Olivier Père

Vous allez rencontrer un bel et sombre inconnu de Woody Allen

 

Vous allez rencontrer un bel et sombre inconnu

Vous allez rencontrer un bel et sombre inconnu

Depuis plusieurs décennies, Woody Allen livre un film tous les ans. Libre de toutes contraintes commerciales, Woody Allen est sans conteste un des rares cinéastes américains à avoir conquis très vite une totale indépendance artistique, grâce à une économie de production très saine, et à la fidélité du public et de la critique. L’exil européen et plus particulièrement londonien d’un auteur longtemps exclusivement confiné à l’île de Manhattan semble lui avoir offert depuis dix ans une seconde jeunesse, et lui avoir inspiré quelques films que je place parmi les meilleurs de sa filmographie : Match point, qui a été une véritable renaissance artistique et peut-être son chef-d’œuvre après un long passage à vide, Scoop, le sous-estimé Le Rêve de Cassandre et enfin Vous allez rencontrer un bel et sombre inconnu, présenté hors compétition à Cannes en 2010 et qui est disponible en DVD et blu-ray en France depuis le 30 mars, chez Warner Home Video. L’occasion pour ceux qui ne l’ont pas vu en salles l’année dernière de le découvrir chez eux. Après avoir été trop adulé, Woody Allen semble être passé de mode. Ce film a été reçu avec un sentiment général de lassitude ou de déception, comme si Woody Allen était condamné à se répéter et à enchaîner les films plus ou moins drôles avec monotonie. Loin de vouloir défendre une œuvre mineure ou admirer systématiquement Woody Allen, il me semble au contraire que Vous allez rencontrer un bel et sombre inconnu révèle sous son apparente banalité formelle la grande maîtrise d’écriture de Woody Allen, et la richesse de son inspiration.

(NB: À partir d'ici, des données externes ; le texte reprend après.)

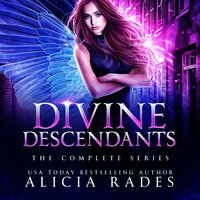 Divine Descendants: The Complete Series - Alicia Rades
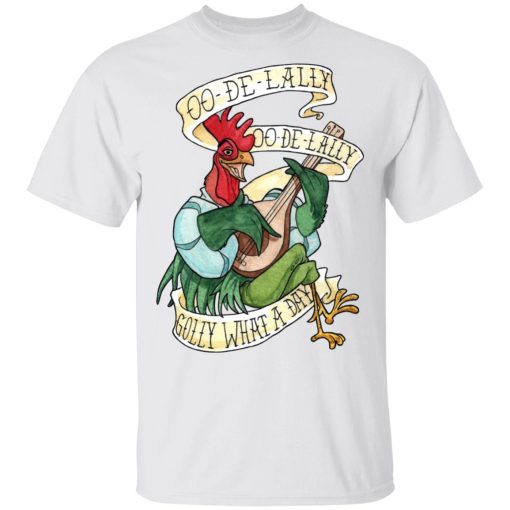 Alan-A-Dale Rooster OO-De-Lally Golly What A Day Roster Bard T-Shirts, Hoodies, Long Sleeve 3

Comme de nombreux films d’Allen, Vous allez rencontrer un bel et sombre inconnu suit les destins croisés de plusieurs personnages et leurs mésaventures sentimentales et professionnelles. Très théâtral, servi par des acteurs remarquables (Naomi Watts en tête), le film est une variation autour des jeux de l’amour et du hasard. Une jeune femme insatisfaite dans sa vie conjugale et professionnelle, son mari un écrivain raté qui ne trouvera que l’imposture pour arriver au succès, son père un homme vieillissant qui s’entiche d’une prostituée cupide, sa mère une épouse abandonnée et aigrie qui a recours à la voyance, tels sont les caractères peu aimables de cette fable pessimiste.

Le film débute par la citation du Macbeth de Shakespeare : « l’histoire humaine est une fable racontée par un idiot pleine de bruit et de fureur et qui ne signifie rien ». Sans morale ni sens apparent, comme l’existence, ce film en toute logique n’a pas vraiment de fin. Il a l’étrange particularité de ne boucler (positivement) qu’un seul récit, une histoire d’amour qui nait au crépuscule de la vie, tandis qu’il laisse dans un doute atroce les trois autres personnages principaux, englués dans leurs échecs, leurs fautes et leur désespoir. Cette absence de conclusion rassurante est la marque d’une lucidité et peut-être d’une misanthropie qui rappelle Sacha Guitry, un autre grand cinéaste de la parole, ou plus proche de nous Another Year de Mike Leigh. C’est à la fois un paradoxe et une évidence de dire que Woody Allen a signé en 2010 la meilleure comédie et le film le plus triste de l’année.